Source records »

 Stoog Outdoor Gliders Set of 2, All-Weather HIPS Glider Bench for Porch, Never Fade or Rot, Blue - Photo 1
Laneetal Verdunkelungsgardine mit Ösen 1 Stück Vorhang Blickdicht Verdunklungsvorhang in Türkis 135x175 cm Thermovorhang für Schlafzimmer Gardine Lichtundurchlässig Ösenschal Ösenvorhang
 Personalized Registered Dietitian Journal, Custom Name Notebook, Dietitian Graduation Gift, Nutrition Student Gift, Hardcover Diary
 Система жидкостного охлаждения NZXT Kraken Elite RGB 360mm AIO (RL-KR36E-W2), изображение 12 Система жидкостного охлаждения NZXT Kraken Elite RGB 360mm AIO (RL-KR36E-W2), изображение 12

...

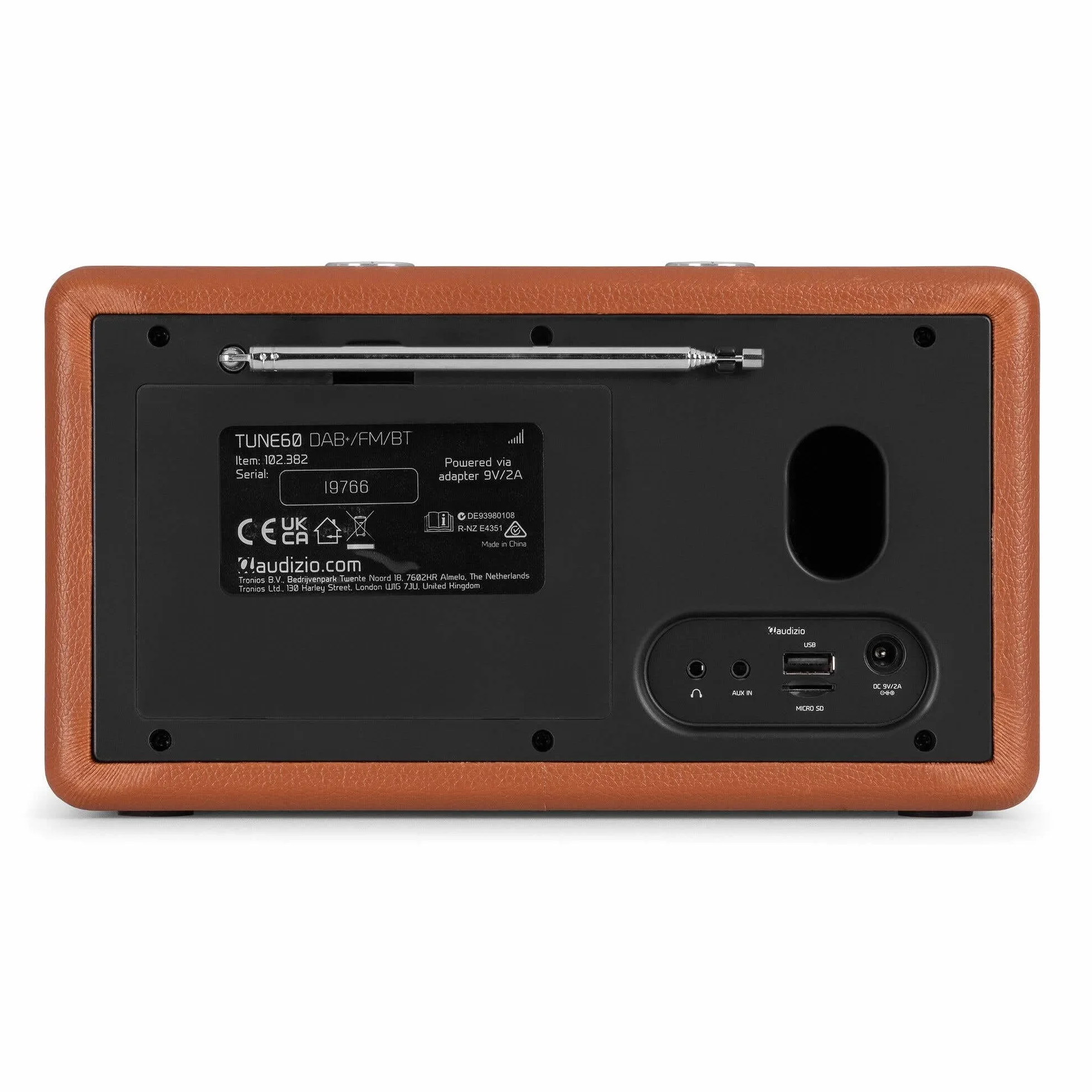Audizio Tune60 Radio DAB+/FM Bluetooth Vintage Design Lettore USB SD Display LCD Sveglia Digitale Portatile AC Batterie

Exercise description » Restate word for word the entries above from the line with "Laneetal Verdunkelungsgardine mit" through the line with "изображение 12 Система", inclusive, leaving out everything else.

Output for this exercise »
Laneetal Verdunkelungsgardine mit Ösen 1 Stück Vorhang Blickdicht Verdunklungsvorhang in Türkis 135x175 cm Thermovorhang für Schlafzimmer Gardine Lichtundurchlässig Ösenschal Ösenvorhang
 Personalized Registered Dietitian Journal, Custom Name Notebook, Dietitian Graduation Gift, Nutrition Student Gift, Hardcover Diary
 Система жидкостного охлаждения NZXT Kraken Elite RGB 360mm AIO (RL-KR36E-W2), изображение 12 Система жидкостного охлаждения NZXT Kraken Elite RGB 360mm AIO (RL-KR36E-W2), изображение 12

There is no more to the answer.